Une dimension régionale préoccupante

Cette offensive confère une dimension régionale inédite au conflit. Uvira, située au nord du lac Tanganyika, fait directement face à Bujumbura, capitale économique du Burundi, les deux villes n’étant distantes que d’une vingtaine de kilomètres. Le Burundi, qui entretient depuis des années des relations tendues avec Kigali, a immédiatement fermé sa frontière avec la RDC et déclaré les postes-frontières « zones militaires ».

Le représentant américain au Conseil de sécurité a affirmé que « le Rwanda a intimement participé à la planification et à l’exécution de la guerre dans l’Est de la RDC », accusant Kigali d’avoir fourni une aide matérielle en logistique et formation au M23, et déployé des missiles sol-air au Nord et au Sud-Kivu. Cette nouvelle percée viserait notamment à priver Kinshasa du soutien militaire de Bujumbura, une partie des 18 000 soldats burundais ayant déjà repassé la frontière.

Des richesses minières au cœur des convoitises

Cette instabilité chronique est nourrie par la nature même de l’Est congolais. La région compte parmi les plus riches du pays en ressources minières, notamment en or et en coltan, un minerai stratégique indispensable à la fabrication des batteries et des téléphones portables. Elle est aussi traversée par de profondes tensions communautaires, héritées de décennies de conflits et de déplacements forcés.

Dans ce contexte, une constellation de groupes armés, congolais et étrangers, souvent instrumentalisés par des États voisins, se disputent le contrôle des territoires, des sites miniers et des circuits de contrebande, alimentant un cycle de violence qui échappe largement aux tentatives de règlement politique. Plusieurs sources diplomatiques européennes évoquent la crainte de voir le M23 poursuivre sa route vers le Katanga, cœur minier de la RDC et coffre-fort de l’État grâce aux taxes imposées aux compagnies minières.

Cette reprise des combats intervient pourtant après plusieurs avancées diplomatiques récentes : l’accord-cadre signé le 15 novembre à Doha entre la RDC et l’AFC/M23, la mise en place en octobre d’un mécanisme conjoint de surveillance du cessez-le-feu, et l’accord de Washington du 4 décembre. Ces initiatives avaient nourri l’espoir d’un retour progressif vers la paix. mais « Les développements récents au Sud-Kivu illustrent de manière indéniable l’écart qui existe entre les efforts diplomatiques et la réalité vécue par les populations civiles », a souligné M. Lacroix.

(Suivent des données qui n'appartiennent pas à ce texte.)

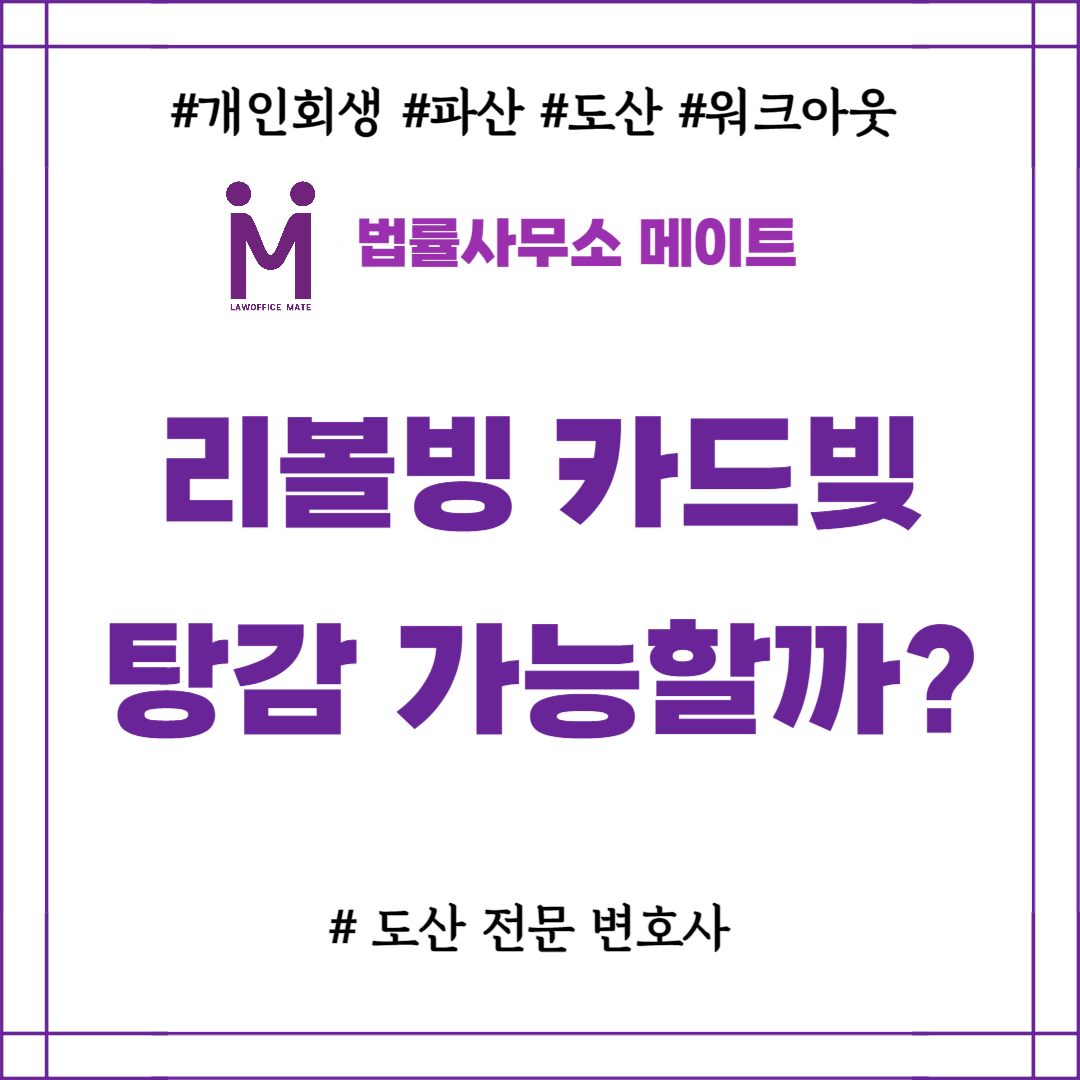 리볼빙 카드빚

Selon le chef du maintien de la paix de l’ONU, les violations répétées du cessez-le-feu et la reprise des hostilités font planer « un risque concret d’effondrement des efforts diplomatiques en cours », mettant à mal la crédibilité des processus de paix et alimentant le sentiment d’abandon des populations civiles.

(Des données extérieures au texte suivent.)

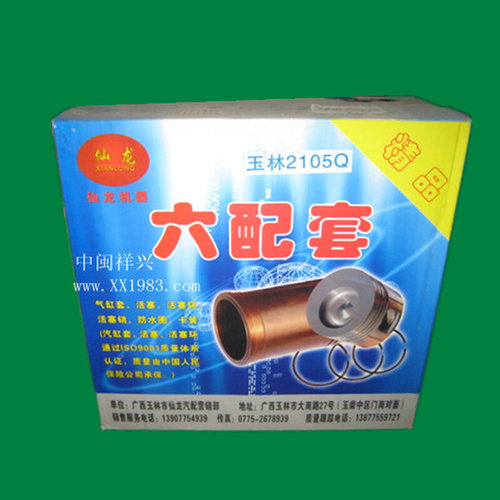 。玉柴2105柴油机配件 YC2105六配套 YC2105四配套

Une catastrophe humanitaire qui s’aggrave

À cette spirale sécuritaire s’ajoute une crise humanitaire aiguë. Selon l’UNICEF, plus de 500 000 personnes, dont plus de 100 000 enfants, ont été déplacées depuis le 1er décembre au Sud-Kivu. Plus de 40 000 Congolais ont franchi la frontière vers le Burundi en seulement quatre jours. Au total, 5,3 millions de personnes sont déplacées à l’intérieur du pays et plus de 24 millions souffrent d’insécurité alimentaire.

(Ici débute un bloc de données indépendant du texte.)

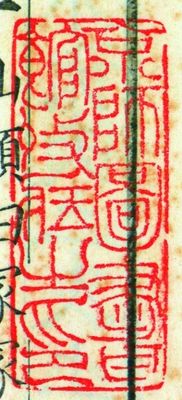 20160226_007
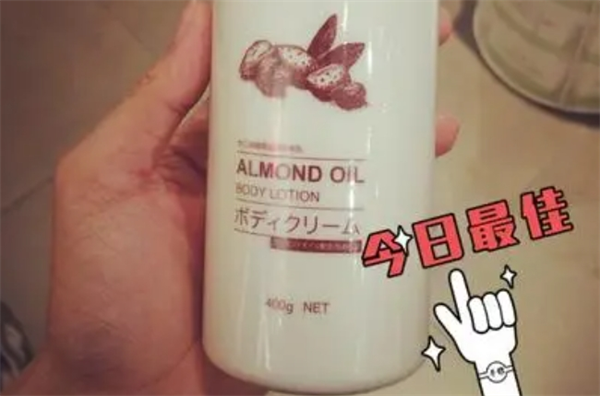 素问堂素儿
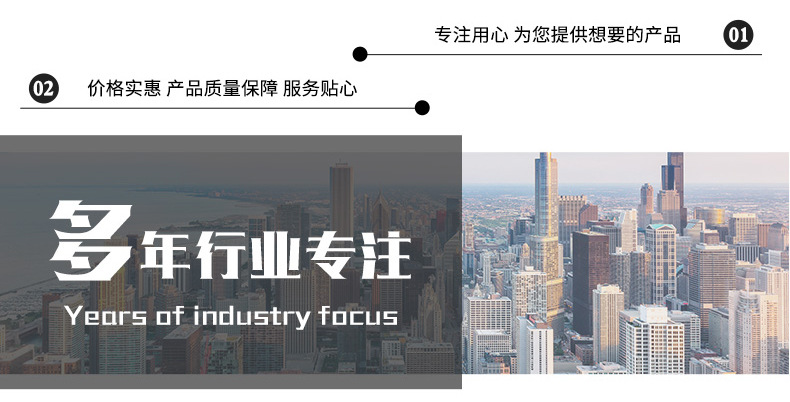 详情2_15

Le plan de réponse humanitaire pour la RDC n’est financé qu’à hauteur de 22 % des 2,54 milliards de dollars nécessaires. La fermeture prolongée des aéroports de Goma et de Kavumu et la réduction de l’accès humanitaire compliquent encore la réponse.

Face à cette spirale, le chef du maintien de la paix de l’ONU appelle le Conseil de sécurité à agir. « À ce moment critique, le rôle du Conseil de sécurité est plus déterminant que jamais », a-t-il insisté. Car, au-delà des accords signés, « les avancées diplomatiques doivent désormais se traduire par des améliorations concrètes sur le terrain », faute de quoi la guerre continuera à redessiner la carte congolaise par la force.

La ministre congolaise des Affaires étrangères, Thérèse Wagner, a appelé le Conseil à imposer des sanctions ciblées contre les responsables militaires et politiques de l’agression, à instaurer un embargo total sur les minerais exportés comme rwandais, et à révoquer le statut de contributeur de troupes du Rwanda aux opérations de paix. « Soit l’ordre international accepte d’être ouvertement bafoué, soit ce Conseil assume ses responsabilités », a-t-elle averti.